Sum(from i=0 to N) of (i^4/2-3i^2/2+1)
Can you tell me how to calculate the value of that sum ?
Thank you,

- Pattielli

[matt grime]

split into two smaller sums, factor out the constants and use the formulae for the sums of 4th and second powers that I haven't memorized but which should be googlable and that the constant term at the end contributes N+1 to the sum.

[AKG]

\sum _{i=0} ^N \frac{1}{2}i^4 - \frac{3}{2}i^2 + 1

= 0.5\sum i^4 + 1.5 \sum i^2 + N + 1*

You need to find a general closed-form solution to the sum of the first N squares and first N i^4 (whatever you'd call them).

\sum _{i=0} ^N = \frac{N(N+1)(2N+1)}{6}

For the i^4, I don't have the solution memorized, nor can I think of a way right now to solve it.

-----------------------------------

Check this link (http://mathforum.org/library/drmath/view/56383.html) out.

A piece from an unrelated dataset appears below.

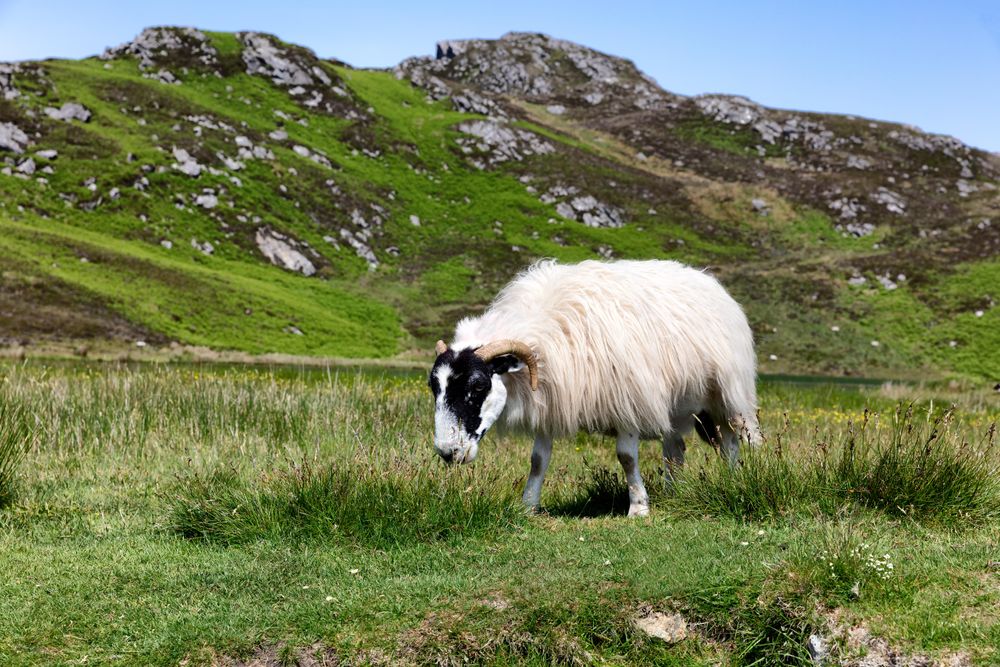 Sheep in pasture eating grass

It's probably a good thing to learn, and it also gives the formula you need:

\sum _{i=0} ^n = (1/5)n^5 + (1/2)n^4 + (1/3)n^3 - (1/30)n

*Edited based on matt grime's observation

[matt grime]

there are N+1 terms in the sum so your last term, comig from the constant, is out by 1.

[Gokul43201]

\sum _{i=0} ^N = \frac{N(N+1)(2N+1)}{6}

For the i^4, I don't have the solution memorized, nor can I think of a way right now to solve it.



Just to make this clear :

\sum _{i=0} ^N i^2= \frac{N(N+1)(2N+1)}{6}

The sum of fourth powers will be a polynomial of order 5. Use the values of the sum for N=1..5 to solve for the 5 coefficients (clearly, there's no constant term).

Or Google harder.

[mathwonk]

gokul 43201 gave the quickest solution method, via lagrange interpolation.

there is another recursive method, for findign formulas for the first n terms of any series of rth powers of integers, described in a footnote to the courant calculus book vol 1, in the first few pages. when i saw that i knew I had found a real math book, as there was more content in that footnote than in all math books i had used previously.